Milena looked at the park in the snow and knew it was the London of the future
. This was the crescent outside Rolfa’s house, years after both of them were gone. This was the London in which Milena no longer lived, in which there was no Rolfa to hold her, in which Milena had no flesh to be held.
It was cold this future and she haunted it as a ghost. There were bootmarks in the snow, but no one walking. There were lights floating in the sky.
Did it matter that she no longer existed? Did this eternity stretching after her weigh any more heavily than the moments in the garden? The future was utterly without nostalgia or understanding, as cruel and new as a child.
I’m going to faint, thought Milena. She was cold, shivering.
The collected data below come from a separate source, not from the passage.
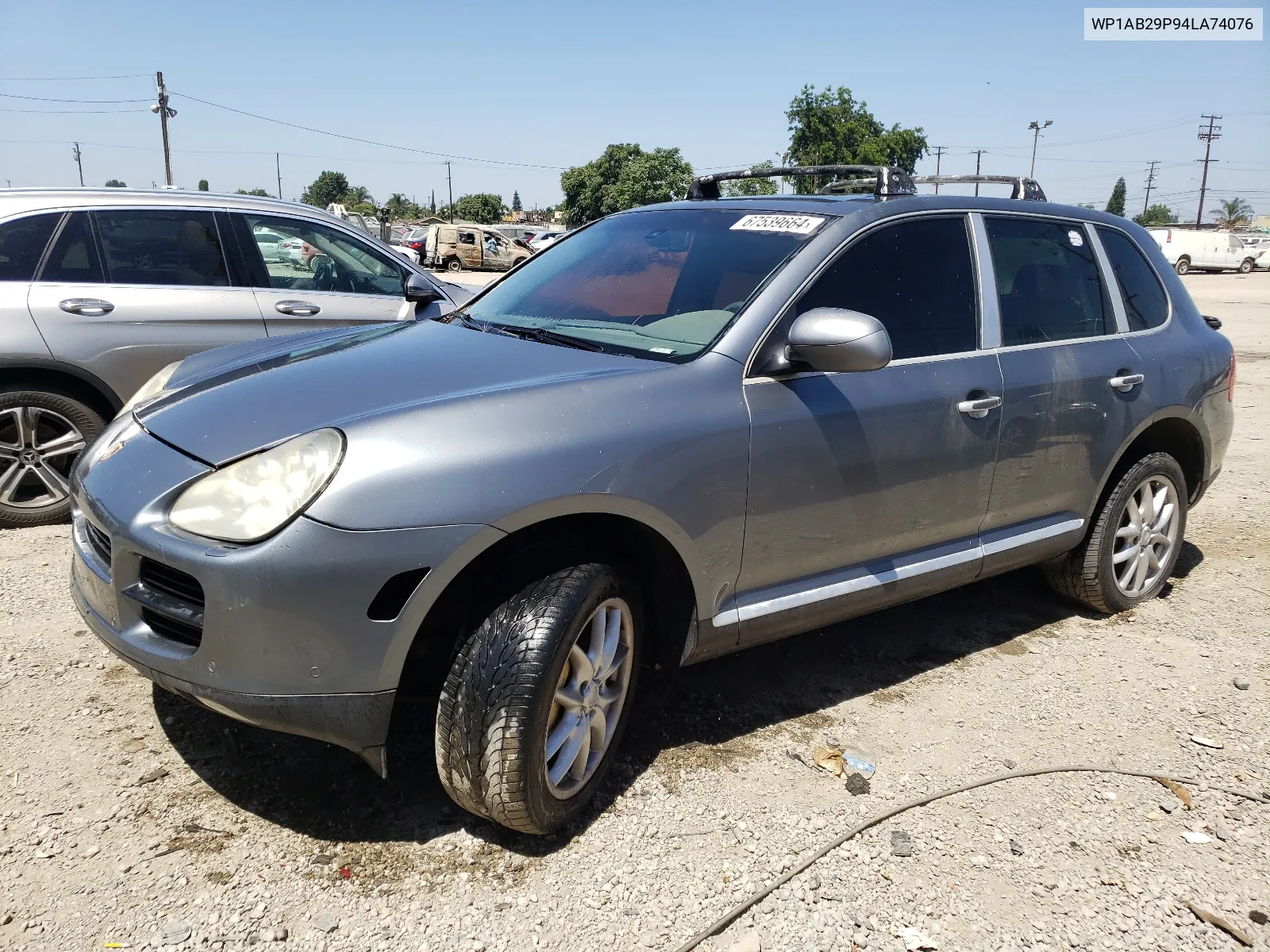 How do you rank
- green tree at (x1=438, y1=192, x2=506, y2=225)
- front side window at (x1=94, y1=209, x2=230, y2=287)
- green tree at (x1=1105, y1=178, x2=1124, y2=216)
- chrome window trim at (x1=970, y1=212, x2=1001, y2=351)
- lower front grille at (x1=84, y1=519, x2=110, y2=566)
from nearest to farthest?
lower front grille at (x1=84, y1=519, x2=110, y2=566), chrome window trim at (x1=970, y1=212, x2=1001, y2=351), front side window at (x1=94, y1=209, x2=230, y2=287), green tree at (x1=438, y1=192, x2=506, y2=225), green tree at (x1=1105, y1=178, x2=1124, y2=216)

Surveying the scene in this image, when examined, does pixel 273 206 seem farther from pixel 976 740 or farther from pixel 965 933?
pixel 965 933

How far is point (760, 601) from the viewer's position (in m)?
2.94

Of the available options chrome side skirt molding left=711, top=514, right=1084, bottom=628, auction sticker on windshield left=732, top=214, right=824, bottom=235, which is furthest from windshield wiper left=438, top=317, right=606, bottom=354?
chrome side skirt molding left=711, top=514, right=1084, bottom=628

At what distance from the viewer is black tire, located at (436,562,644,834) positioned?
7.63 ft

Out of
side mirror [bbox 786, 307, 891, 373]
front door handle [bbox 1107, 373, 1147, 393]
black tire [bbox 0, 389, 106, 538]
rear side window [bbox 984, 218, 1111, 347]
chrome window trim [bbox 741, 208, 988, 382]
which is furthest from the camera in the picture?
black tire [bbox 0, 389, 106, 538]

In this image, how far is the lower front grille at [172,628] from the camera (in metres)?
2.25

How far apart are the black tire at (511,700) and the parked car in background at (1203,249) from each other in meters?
44.8

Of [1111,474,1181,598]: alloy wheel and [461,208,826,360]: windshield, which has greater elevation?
[461,208,826,360]: windshield

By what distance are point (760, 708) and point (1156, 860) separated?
4.18 ft

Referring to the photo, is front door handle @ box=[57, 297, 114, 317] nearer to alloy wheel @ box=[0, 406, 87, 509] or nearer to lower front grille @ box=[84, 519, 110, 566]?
alloy wheel @ box=[0, 406, 87, 509]

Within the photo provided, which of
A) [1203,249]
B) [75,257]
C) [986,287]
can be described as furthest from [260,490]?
[1203,249]

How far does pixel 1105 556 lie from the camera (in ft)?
13.7

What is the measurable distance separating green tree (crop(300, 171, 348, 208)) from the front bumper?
12098 centimetres

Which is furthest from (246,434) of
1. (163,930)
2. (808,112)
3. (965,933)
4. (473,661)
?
(808,112) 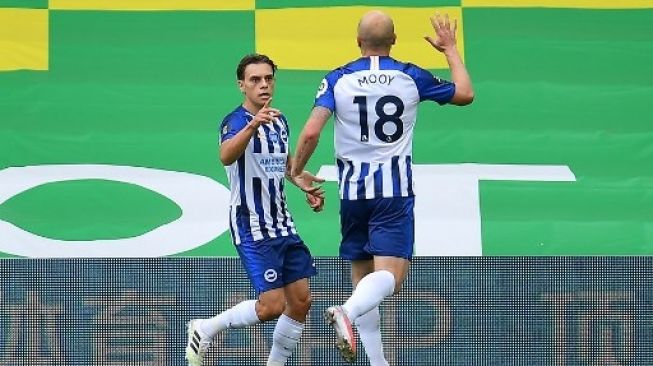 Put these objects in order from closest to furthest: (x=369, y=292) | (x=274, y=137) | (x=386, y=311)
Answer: (x=369, y=292) < (x=274, y=137) < (x=386, y=311)

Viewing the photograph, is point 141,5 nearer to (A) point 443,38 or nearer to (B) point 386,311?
(B) point 386,311

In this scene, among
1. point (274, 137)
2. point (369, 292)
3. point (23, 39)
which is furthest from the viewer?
point (23, 39)

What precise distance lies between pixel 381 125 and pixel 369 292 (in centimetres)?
71

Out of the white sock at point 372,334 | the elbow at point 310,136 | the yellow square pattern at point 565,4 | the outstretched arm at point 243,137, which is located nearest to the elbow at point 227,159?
the outstretched arm at point 243,137

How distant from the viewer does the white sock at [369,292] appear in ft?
19.9

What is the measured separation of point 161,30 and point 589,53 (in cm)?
244

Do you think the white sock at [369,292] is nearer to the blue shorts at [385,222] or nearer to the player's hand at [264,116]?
the blue shorts at [385,222]

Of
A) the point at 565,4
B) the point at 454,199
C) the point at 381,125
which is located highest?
the point at 565,4

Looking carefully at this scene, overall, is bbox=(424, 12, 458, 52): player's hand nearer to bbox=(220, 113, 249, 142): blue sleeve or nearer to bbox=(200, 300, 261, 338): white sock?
bbox=(220, 113, 249, 142): blue sleeve

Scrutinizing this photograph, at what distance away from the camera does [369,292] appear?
6148 millimetres

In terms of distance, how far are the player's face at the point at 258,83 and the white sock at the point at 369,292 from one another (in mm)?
922

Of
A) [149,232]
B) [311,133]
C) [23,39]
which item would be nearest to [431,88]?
[311,133]

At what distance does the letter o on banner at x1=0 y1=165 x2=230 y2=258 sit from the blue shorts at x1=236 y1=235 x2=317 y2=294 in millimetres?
1677

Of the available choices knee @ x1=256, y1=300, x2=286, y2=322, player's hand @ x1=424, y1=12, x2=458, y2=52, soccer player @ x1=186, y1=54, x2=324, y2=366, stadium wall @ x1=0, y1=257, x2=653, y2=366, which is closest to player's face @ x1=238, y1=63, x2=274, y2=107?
soccer player @ x1=186, y1=54, x2=324, y2=366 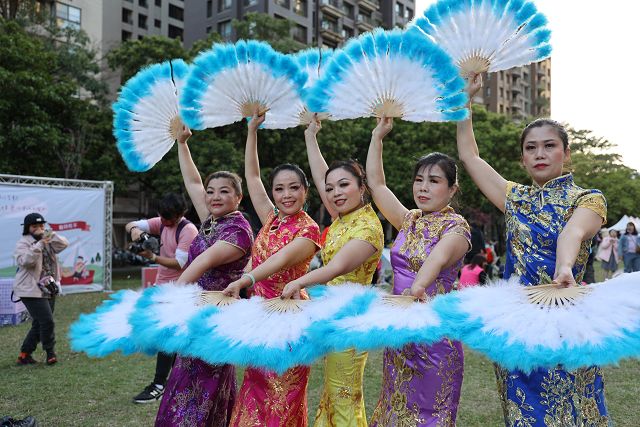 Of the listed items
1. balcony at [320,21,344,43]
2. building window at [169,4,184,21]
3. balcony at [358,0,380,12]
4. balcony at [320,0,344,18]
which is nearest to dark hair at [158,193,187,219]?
balcony at [320,21,344,43]

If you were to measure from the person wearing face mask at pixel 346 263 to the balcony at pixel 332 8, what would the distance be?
36048 millimetres

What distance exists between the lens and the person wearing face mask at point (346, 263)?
107 inches

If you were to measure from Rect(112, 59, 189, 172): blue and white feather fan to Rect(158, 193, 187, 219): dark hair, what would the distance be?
1.78ft

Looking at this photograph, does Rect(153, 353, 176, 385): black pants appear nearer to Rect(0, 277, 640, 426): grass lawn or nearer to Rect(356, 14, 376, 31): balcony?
Rect(0, 277, 640, 426): grass lawn

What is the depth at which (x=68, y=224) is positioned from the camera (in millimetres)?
11977

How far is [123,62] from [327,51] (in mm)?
16073

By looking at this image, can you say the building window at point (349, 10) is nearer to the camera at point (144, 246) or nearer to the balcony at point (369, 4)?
the balcony at point (369, 4)

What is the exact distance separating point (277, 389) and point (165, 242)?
87.8 inches

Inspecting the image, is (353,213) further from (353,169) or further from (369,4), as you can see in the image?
(369,4)

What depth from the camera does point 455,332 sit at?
2.12 m

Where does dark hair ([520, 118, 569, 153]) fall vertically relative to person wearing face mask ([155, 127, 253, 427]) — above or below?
above

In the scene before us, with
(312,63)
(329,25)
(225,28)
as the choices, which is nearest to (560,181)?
(312,63)

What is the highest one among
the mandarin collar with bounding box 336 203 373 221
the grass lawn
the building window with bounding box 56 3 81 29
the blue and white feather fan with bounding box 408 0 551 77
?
the building window with bounding box 56 3 81 29

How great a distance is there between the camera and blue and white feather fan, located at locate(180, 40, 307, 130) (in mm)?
3154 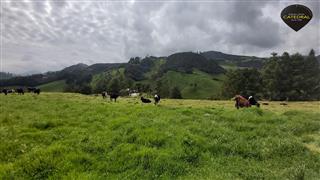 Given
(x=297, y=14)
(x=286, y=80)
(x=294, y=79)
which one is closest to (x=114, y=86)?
(x=286, y=80)

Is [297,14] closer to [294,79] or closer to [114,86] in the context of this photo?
[294,79]

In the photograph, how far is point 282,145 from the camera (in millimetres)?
17609

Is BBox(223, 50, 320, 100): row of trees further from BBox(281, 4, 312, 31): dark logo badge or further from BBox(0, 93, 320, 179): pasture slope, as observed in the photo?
BBox(0, 93, 320, 179): pasture slope

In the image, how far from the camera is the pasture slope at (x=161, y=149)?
542 inches

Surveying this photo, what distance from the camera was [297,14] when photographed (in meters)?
23.4

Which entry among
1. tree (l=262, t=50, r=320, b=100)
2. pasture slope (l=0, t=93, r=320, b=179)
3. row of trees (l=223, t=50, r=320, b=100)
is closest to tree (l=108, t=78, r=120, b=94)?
row of trees (l=223, t=50, r=320, b=100)

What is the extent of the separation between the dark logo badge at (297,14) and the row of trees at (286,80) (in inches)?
2934

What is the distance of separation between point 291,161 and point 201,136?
4945 millimetres

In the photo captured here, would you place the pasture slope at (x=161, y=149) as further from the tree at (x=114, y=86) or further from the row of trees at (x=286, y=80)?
the tree at (x=114, y=86)

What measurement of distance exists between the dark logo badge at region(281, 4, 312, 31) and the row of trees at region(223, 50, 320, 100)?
7453cm

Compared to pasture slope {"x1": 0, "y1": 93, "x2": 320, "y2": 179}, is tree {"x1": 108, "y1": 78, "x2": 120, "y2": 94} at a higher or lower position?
higher

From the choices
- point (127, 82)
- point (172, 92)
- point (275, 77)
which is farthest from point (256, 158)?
point (127, 82)

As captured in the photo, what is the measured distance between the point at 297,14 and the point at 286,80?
78.1 meters

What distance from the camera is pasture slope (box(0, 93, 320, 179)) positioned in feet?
45.2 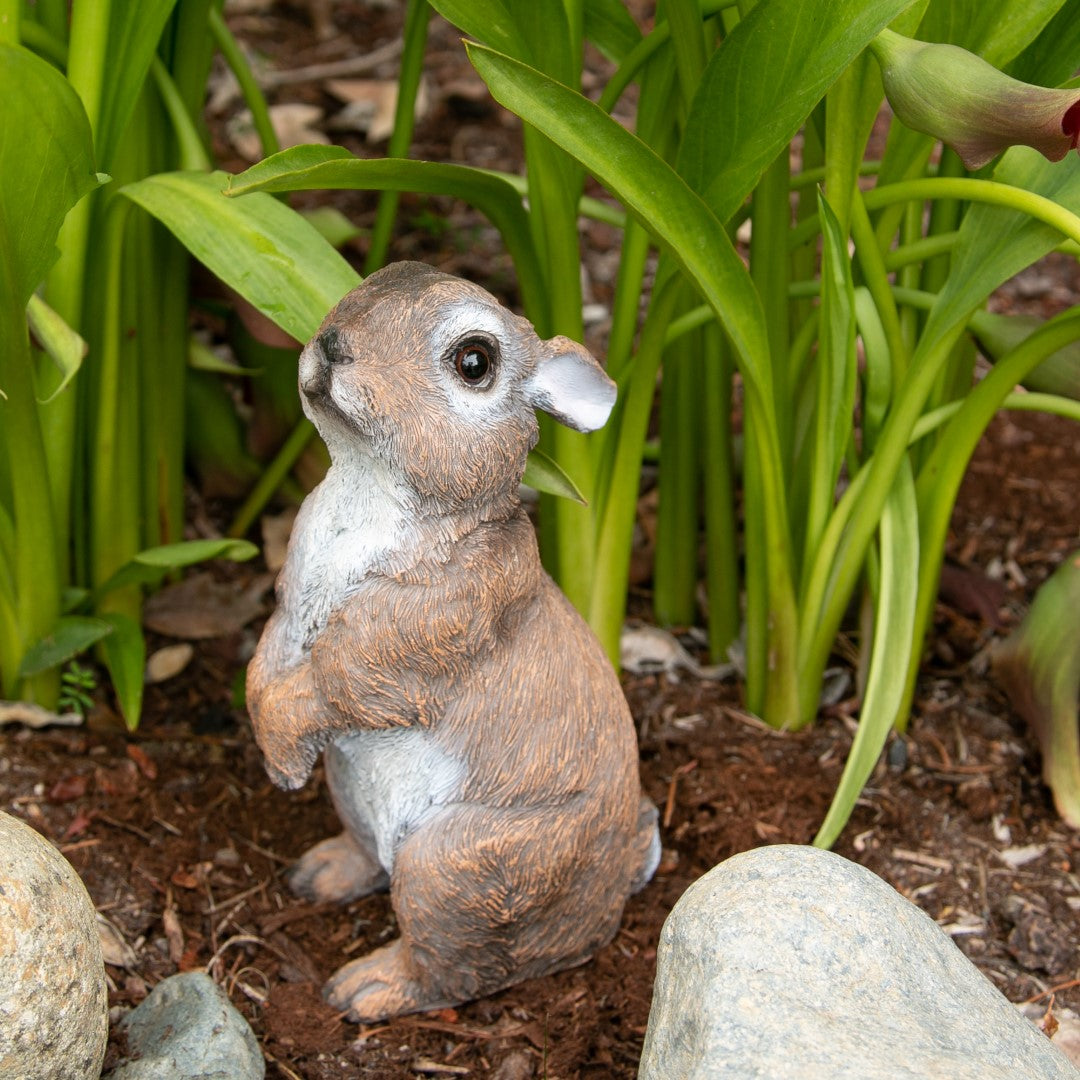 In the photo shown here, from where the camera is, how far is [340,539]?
5.05ft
This is ridiculous: real people don’t faint. Neither do ghosts.
But she felt herself slip away anyway. The moon of the future swam in the sky and Milena let herself fall. She felt herself fall, and was lifted up. For a moment, she thought she was in Rolfa’s arms.
Time was a dream. The helicopters came again, roaring over the tops of the trees, tormenting them, tearing leaves from the branches, sending flurries through the snow. It was not Rolfa, but Mike Stone who was carrying her now, running with her as he had with Milton the Minister, as if this were her wedding again. People rushed to help him lower Milena to the floor, and from out of pouches in his trousers Mike took a pulse injector and clips. He put them into Milena’s ears and arms.
This is not the future or the past. This is my Now, she realized, and Now is always timeless.
She thought the Reading Room was the grass of the park in Rolfa’s street. She wished with all her heart it was that crescent of grass and trees and that she would wake up in the morning in her own room to find that Rolfa was going to live with her.
Milena felt the grass of her sixteenth summer press against her cheek. She wanted to put the very tips of her fingers in Rolfa’s hand. She couldn’t find it, any of it.
The grass was gone, and the park, and the infinitude of different Milenas for all her different Nows. The Milena who was remembering felt herself reunited with the Milena who was still alive.